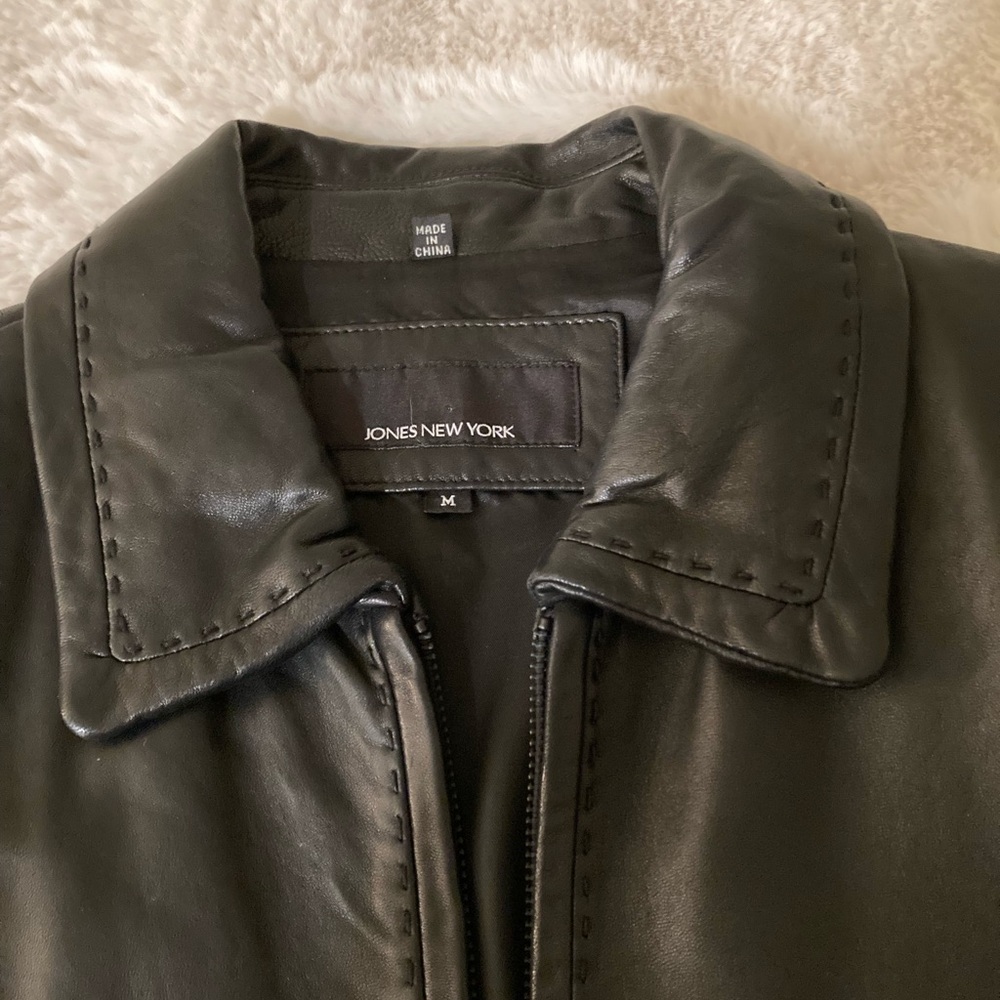 Ladies Jones New York genuine black leather jacket size M - Picture 4 of 11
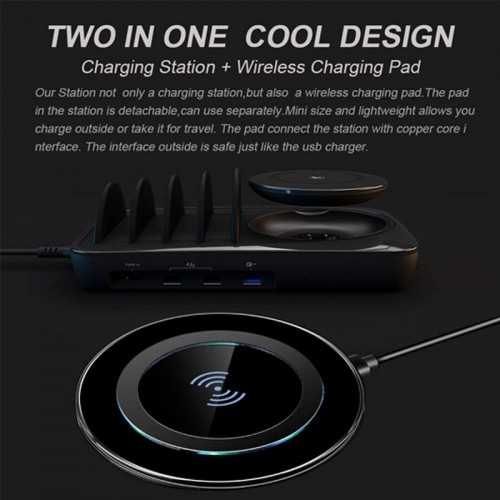 3 USB Desktop Charging Station Dock with Fast Wireless Charger & USB-C Charger For iPhone X , iPhone 8 , Note 8 , S9 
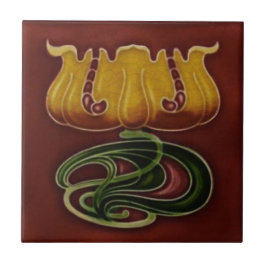 Art Nouveau Jugendstil c1900 German Floral Repro Tegeltje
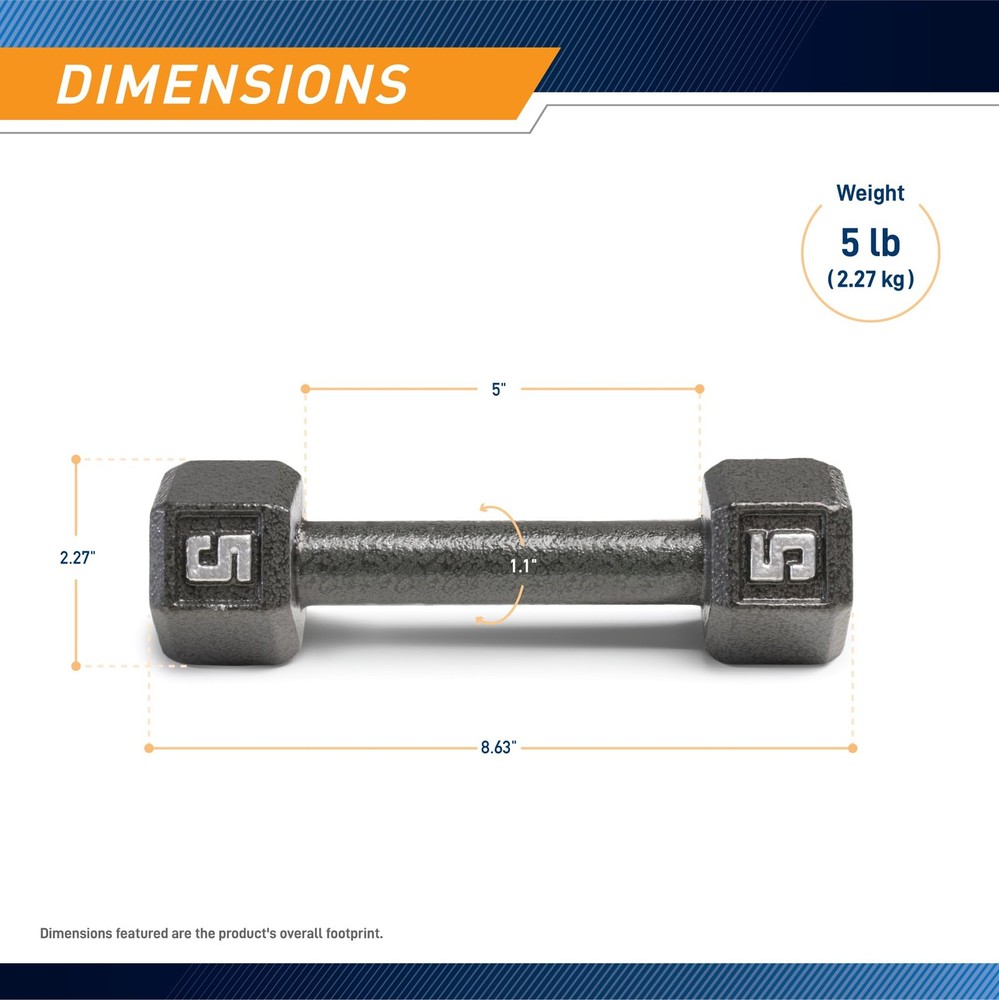 5lb Cast Iron Hex Dumbbell Durable Weight for Strength Training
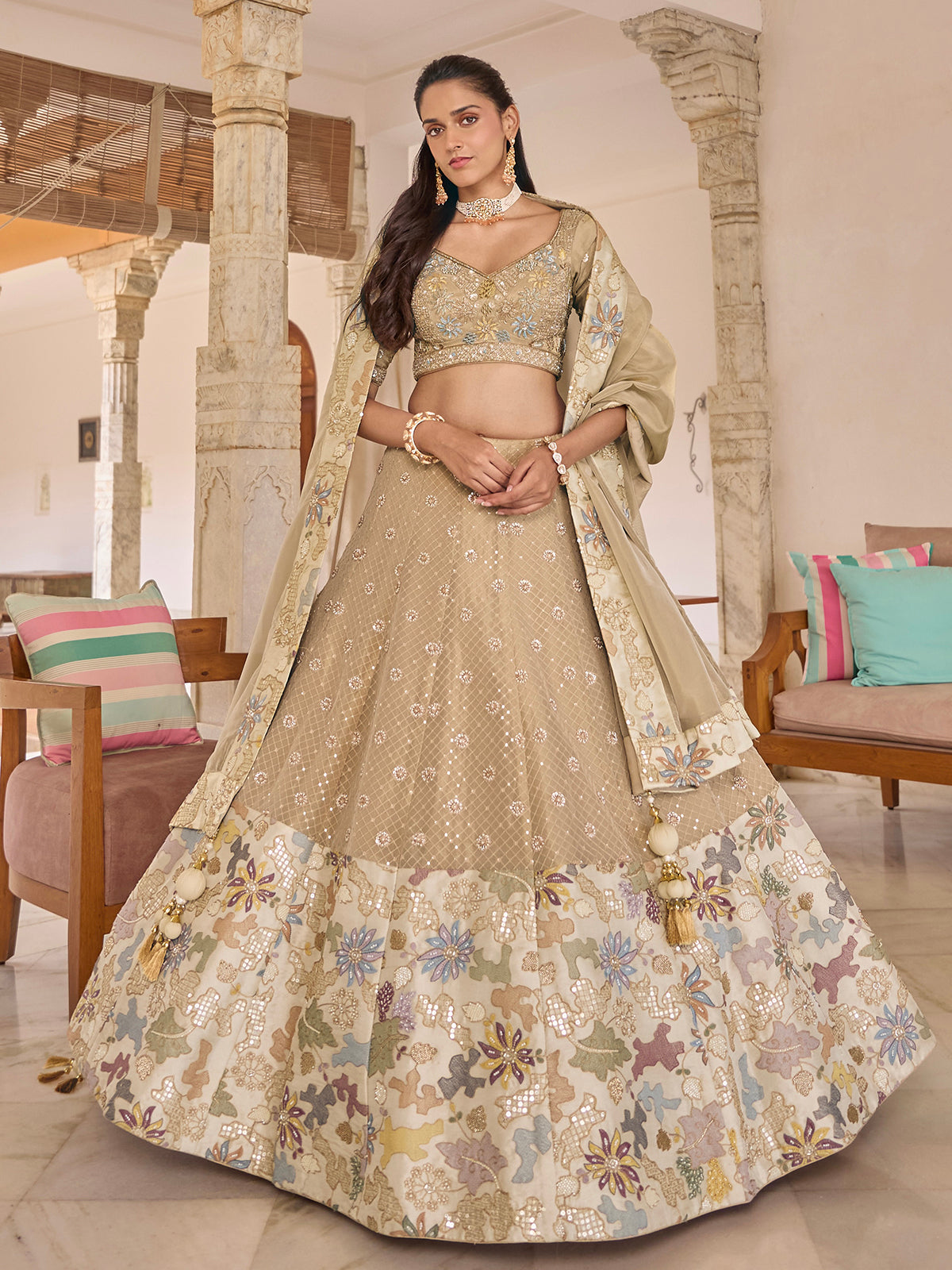 Beige tissue silk lehenga choli with embellished festive dupatta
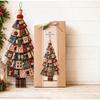 DIY Patchwork Christmas Tree Kit, Farmhouse Fabric Xmas Wall Hanging Ornament Craft Set, Complete Sewing Material Kit for Gifts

• Aim of the task
Take the entries above and copy exactly the lines starting at the one with "Art Nouveau Jugendstil" and ending at the one with "Beige tissue silk"; nothing outside that span, and no pictures.

• Final answer
 Art Nouveau Jugendstil c1900 German Floral Repro Tegeltje
 5lb Cast Iron Hex Dumbbell Durable Weight for Strength Training
 Beige tissue silk lehenga choli with embellished festive dupatta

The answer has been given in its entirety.